Лицо Степана стало таким, словно его кто-то обидел до глубины души. Он снова помолчал, а потом сказал:
— Но мне, понимаешь ли, не хочется умереть такой вот обыкновенной смертью — где-то на чердаке. Мне хочется, если уж умирать, то как-то по-другому. То есть совершить какой-нибудь подвиг. И, чувствую, с этим надо спешить, иначе можно не успеть… Скажешь — тщеславный? Говори! Думаю, такое тщеславие в армии надо всецело поддерживать. Потому что стремление к подвигу — это высшее качество человека, высшее проявление благородства души. Так мне думается.
Донец, лежа у пулемета, основательно продрог, и я сменил его. Теперь он, по моему примеру, сто раз присел, чуть пригнувшись, чтобы не стукнуться головой о крышу, немного походил, размялся. А потом, поставив коробку для пулеметных дисков торцевой стороной, он сел на нее и, сняв варежки, стал хукать в руки.
— Я вот что тебе еще скажу: мысли и слова мои лучше всего время проверит. Вот если бы сейчас кто-нибудь взял и записал все, что я говорю, а потом, после войны, когда придет победа — повторяю, в победу я верю, но праздновать ее будут без нас с тобой, — чтобы прочитали эти мои слова. Наверняка сказали бы: из Головковки, что на речке Бешке, было два юных пулеметчика — из них, Иван Братченко, был первым номером, а вторым номером у него — Степан Донец. Так вот, этот самый Степан — кудесник и пророк: через толщу времени он безошибочно видел будущее, предсказывал судьбу.

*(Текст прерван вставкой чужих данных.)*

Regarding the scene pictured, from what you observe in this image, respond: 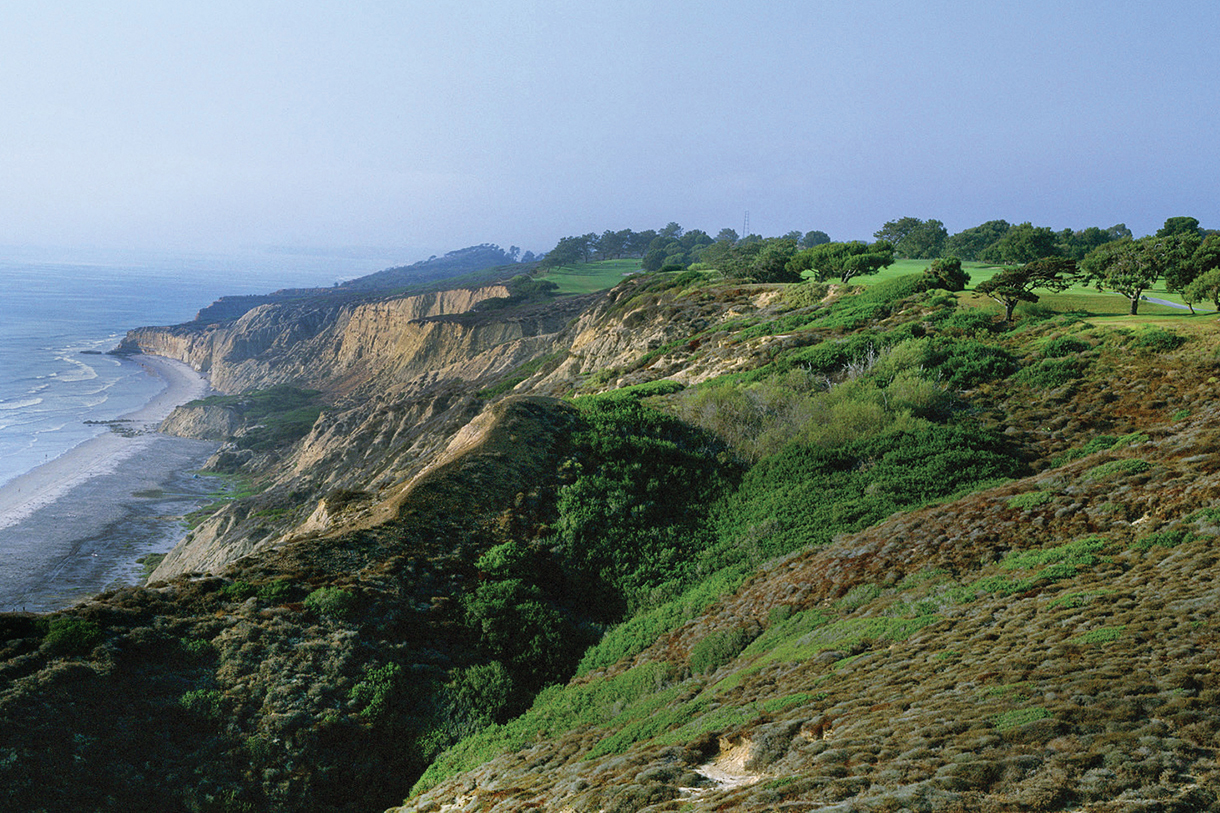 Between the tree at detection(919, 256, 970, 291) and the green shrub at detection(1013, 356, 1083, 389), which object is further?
the tree at detection(919, 256, 970, 291)

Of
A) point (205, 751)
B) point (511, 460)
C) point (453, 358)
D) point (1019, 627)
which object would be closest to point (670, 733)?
point (1019, 627)

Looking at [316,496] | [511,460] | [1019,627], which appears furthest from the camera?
[316,496]

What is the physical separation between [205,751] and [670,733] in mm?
8177

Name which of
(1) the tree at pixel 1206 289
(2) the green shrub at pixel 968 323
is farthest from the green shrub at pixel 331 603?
(1) the tree at pixel 1206 289

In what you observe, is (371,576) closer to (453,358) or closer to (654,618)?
(654,618)

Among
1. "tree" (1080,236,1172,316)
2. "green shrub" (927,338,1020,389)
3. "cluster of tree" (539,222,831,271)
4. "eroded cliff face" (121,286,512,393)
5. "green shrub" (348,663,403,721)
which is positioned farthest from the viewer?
"cluster of tree" (539,222,831,271)

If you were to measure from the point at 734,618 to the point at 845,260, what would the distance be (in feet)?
129

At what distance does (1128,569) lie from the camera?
9562 millimetres

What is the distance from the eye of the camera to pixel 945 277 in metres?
33.2

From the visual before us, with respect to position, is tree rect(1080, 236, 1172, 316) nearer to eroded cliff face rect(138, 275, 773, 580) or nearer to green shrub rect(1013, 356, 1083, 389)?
green shrub rect(1013, 356, 1083, 389)

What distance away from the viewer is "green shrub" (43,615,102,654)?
11430 millimetres

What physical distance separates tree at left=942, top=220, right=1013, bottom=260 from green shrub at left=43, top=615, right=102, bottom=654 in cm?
7900

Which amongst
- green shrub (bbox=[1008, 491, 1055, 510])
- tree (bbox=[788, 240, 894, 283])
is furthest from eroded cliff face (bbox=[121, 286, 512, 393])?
green shrub (bbox=[1008, 491, 1055, 510])

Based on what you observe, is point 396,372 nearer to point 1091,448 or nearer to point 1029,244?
point 1029,244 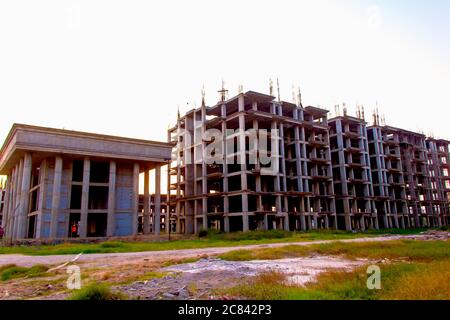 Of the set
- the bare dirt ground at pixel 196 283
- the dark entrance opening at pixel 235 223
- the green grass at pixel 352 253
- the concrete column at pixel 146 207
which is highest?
the concrete column at pixel 146 207

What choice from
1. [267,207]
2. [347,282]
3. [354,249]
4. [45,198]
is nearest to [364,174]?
[267,207]

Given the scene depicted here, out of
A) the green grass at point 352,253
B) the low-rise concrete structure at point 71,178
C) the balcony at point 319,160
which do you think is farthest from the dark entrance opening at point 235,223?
the green grass at point 352,253

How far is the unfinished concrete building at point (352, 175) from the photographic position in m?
61.1

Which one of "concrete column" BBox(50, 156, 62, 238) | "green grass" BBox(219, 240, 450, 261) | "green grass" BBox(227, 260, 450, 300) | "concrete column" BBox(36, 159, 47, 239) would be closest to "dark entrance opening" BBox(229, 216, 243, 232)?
"concrete column" BBox(50, 156, 62, 238)

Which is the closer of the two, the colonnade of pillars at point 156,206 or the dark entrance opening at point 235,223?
the colonnade of pillars at point 156,206

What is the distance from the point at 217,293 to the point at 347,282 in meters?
3.42

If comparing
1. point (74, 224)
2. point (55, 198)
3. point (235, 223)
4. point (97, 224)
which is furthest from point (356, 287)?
point (235, 223)

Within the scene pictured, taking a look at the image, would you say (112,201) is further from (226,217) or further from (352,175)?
(352,175)

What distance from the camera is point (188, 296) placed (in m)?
7.67

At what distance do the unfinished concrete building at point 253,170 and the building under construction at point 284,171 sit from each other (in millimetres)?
158

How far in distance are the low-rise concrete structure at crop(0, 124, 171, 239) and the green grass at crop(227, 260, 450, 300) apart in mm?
33350

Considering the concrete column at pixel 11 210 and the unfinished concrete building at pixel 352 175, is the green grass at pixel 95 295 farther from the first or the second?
the unfinished concrete building at pixel 352 175

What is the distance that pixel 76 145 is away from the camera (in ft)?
122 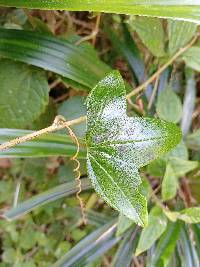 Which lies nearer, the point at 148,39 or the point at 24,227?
the point at 148,39

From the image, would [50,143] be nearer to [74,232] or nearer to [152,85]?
[152,85]

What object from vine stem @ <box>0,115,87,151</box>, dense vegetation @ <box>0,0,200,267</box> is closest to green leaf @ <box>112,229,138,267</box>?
dense vegetation @ <box>0,0,200,267</box>

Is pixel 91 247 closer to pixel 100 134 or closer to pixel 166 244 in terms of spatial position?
pixel 166 244

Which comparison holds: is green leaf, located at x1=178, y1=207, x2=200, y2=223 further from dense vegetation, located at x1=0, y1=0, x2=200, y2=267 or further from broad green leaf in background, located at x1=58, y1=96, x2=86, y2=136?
broad green leaf in background, located at x1=58, y1=96, x2=86, y2=136

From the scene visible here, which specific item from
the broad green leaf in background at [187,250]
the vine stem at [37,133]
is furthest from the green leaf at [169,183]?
the vine stem at [37,133]

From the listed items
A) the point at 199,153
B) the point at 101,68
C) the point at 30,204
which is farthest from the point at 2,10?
the point at 199,153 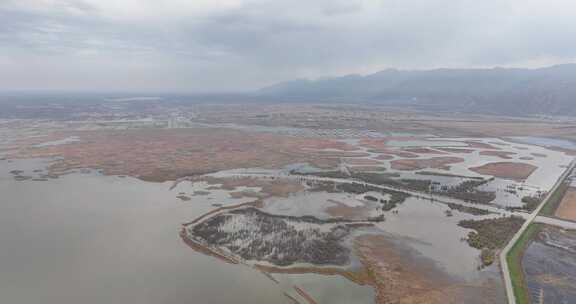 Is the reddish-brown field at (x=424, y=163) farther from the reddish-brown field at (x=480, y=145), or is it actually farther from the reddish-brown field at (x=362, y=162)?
the reddish-brown field at (x=480, y=145)

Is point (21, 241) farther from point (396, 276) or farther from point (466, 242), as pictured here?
point (466, 242)

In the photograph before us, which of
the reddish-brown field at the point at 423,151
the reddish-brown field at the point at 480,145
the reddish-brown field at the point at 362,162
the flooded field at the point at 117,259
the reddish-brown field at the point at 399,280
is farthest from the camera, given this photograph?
the reddish-brown field at the point at 480,145

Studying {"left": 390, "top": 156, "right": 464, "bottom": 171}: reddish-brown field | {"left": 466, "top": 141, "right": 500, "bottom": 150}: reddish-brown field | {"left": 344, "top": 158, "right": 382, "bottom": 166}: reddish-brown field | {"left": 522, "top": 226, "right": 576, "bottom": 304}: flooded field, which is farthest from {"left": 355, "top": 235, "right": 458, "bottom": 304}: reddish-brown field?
{"left": 466, "top": 141, "right": 500, "bottom": 150}: reddish-brown field

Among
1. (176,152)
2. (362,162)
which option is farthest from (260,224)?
(176,152)

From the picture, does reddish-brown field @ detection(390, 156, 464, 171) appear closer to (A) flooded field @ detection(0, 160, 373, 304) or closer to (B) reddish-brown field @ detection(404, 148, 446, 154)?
(B) reddish-brown field @ detection(404, 148, 446, 154)

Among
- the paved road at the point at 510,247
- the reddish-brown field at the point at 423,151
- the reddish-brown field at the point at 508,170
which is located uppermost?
the reddish-brown field at the point at 423,151

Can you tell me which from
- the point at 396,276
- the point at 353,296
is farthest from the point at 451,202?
the point at 353,296

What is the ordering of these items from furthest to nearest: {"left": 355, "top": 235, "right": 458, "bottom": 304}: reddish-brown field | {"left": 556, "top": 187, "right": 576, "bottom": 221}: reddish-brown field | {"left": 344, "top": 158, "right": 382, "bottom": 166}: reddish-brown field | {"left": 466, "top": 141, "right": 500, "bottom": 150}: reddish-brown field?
{"left": 466, "top": 141, "right": 500, "bottom": 150}: reddish-brown field < {"left": 344, "top": 158, "right": 382, "bottom": 166}: reddish-brown field < {"left": 556, "top": 187, "right": 576, "bottom": 221}: reddish-brown field < {"left": 355, "top": 235, "right": 458, "bottom": 304}: reddish-brown field

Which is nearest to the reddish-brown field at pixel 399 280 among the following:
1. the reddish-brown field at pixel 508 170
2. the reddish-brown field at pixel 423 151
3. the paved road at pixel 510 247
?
the paved road at pixel 510 247

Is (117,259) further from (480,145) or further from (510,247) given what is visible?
(480,145) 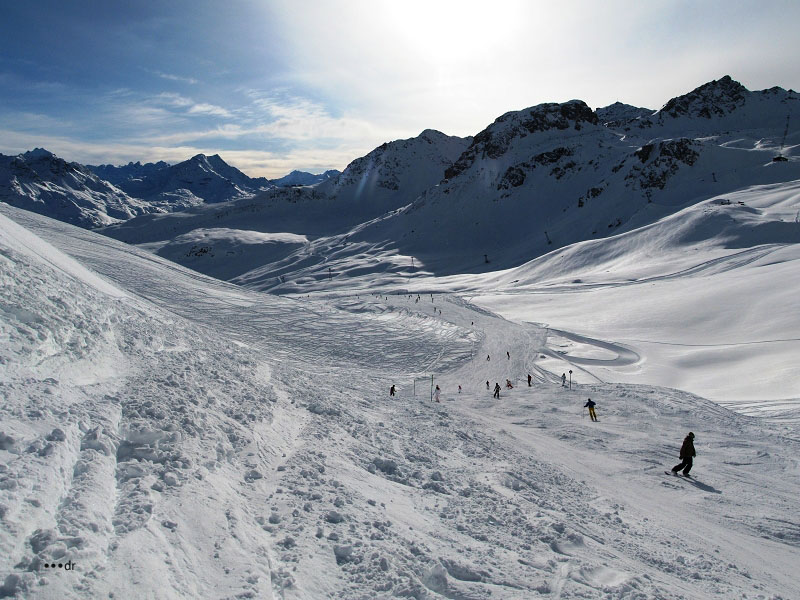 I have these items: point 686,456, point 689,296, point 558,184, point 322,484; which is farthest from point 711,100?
point 322,484

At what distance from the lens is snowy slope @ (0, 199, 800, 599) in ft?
21.0

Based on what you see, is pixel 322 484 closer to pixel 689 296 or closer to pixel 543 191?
pixel 689 296

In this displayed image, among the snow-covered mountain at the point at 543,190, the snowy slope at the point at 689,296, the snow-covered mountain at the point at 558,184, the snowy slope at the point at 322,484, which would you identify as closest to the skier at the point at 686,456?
the snowy slope at the point at 322,484

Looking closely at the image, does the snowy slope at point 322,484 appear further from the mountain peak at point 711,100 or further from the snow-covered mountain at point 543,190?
the mountain peak at point 711,100

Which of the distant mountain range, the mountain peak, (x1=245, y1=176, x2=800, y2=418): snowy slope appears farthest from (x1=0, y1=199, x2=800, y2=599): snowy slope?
the mountain peak

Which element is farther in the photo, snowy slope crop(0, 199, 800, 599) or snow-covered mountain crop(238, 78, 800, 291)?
snow-covered mountain crop(238, 78, 800, 291)

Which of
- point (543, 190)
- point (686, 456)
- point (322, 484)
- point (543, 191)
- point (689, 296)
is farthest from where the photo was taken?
point (543, 190)

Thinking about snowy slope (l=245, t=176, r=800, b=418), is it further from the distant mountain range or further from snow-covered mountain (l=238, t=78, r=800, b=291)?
the distant mountain range

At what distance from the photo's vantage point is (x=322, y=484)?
371 inches

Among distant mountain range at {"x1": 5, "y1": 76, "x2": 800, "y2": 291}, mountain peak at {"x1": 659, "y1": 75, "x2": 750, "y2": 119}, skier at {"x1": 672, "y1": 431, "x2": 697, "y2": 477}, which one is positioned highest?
mountain peak at {"x1": 659, "y1": 75, "x2": 750, "y2": 119}

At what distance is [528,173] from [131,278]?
141666mm

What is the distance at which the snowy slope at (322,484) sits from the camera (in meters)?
6.40

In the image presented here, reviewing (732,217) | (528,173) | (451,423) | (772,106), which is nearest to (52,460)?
(451,423)

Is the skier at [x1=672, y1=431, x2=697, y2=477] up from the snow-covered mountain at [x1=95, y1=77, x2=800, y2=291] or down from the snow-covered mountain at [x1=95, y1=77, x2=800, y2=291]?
down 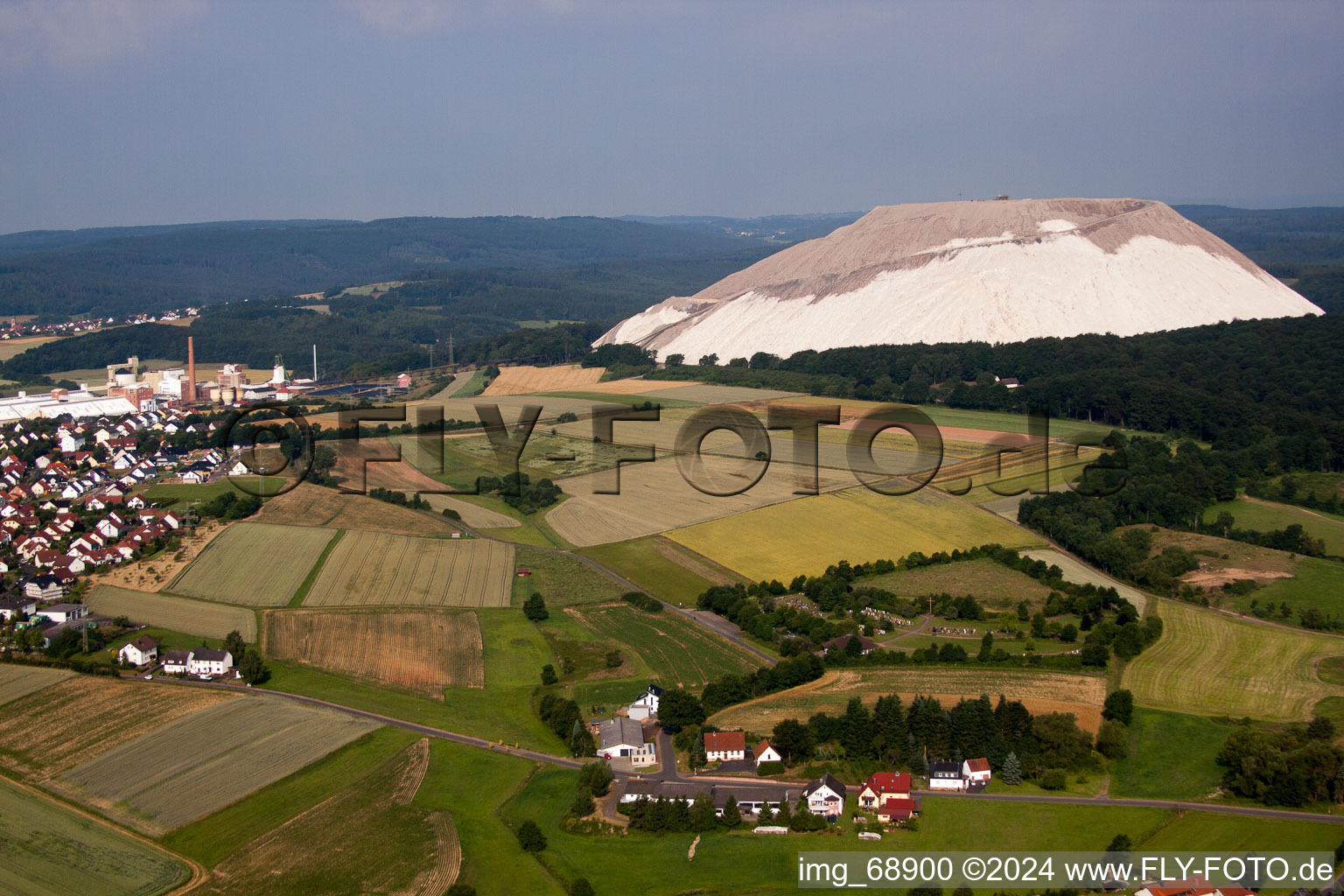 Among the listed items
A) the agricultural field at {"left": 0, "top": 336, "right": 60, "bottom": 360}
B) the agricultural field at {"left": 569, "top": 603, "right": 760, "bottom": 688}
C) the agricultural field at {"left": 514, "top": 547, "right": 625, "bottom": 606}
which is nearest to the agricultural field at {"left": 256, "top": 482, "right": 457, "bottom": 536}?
the agricultural field at {"left": 514, "top": 547, "right": 625, "bottom": 606}

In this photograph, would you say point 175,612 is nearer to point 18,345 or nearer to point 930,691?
point 930,691

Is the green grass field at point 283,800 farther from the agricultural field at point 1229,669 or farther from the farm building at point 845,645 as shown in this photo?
the agricultural field at point 1229,669

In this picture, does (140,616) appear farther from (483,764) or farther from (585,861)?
(585,861)

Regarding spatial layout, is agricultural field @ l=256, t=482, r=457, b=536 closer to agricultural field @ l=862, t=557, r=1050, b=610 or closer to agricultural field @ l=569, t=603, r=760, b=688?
agricultural field @ l=569, t=603, r=760, b=688

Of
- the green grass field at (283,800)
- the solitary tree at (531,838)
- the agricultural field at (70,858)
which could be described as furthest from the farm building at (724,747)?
the agricultural field at (70,858)

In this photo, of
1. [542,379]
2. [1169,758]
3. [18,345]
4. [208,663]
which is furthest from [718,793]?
[18,345]

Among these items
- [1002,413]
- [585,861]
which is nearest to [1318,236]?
[1002,413]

— Никогда не думал, что вторым номером у меня кудесник и пророк… Но дело не в этих твоих сомнительных качествах. Дело в другом. Если говорить вкратце, то в том, чтобы не думать о своей смерти, а жить другими мыслями. Например, как нам еще сильнее бить фашистов… Короче — думать о смерти врага. Тогда наверняка успехи наши будут большими, а смерть стороной обойдет. Вот в чем суть!
* * *
Уже стемнело, а мы все говорим и говорим. Забыли даже о еде, о том, что есть где-то кухни, что сейчас вершиной блаженства было бы глотнуть хоть чего-нибудь горяченького, хотя бы постного супчика-пюре горохового или кипятка… Тем более что утром, до начала боя, позавтракать мы не успели, а во время боя никто даже не думал об этом — не до того было! И вот уже вечер, надо бы поужинать… Но никто к нам не идет, никто не подменяет.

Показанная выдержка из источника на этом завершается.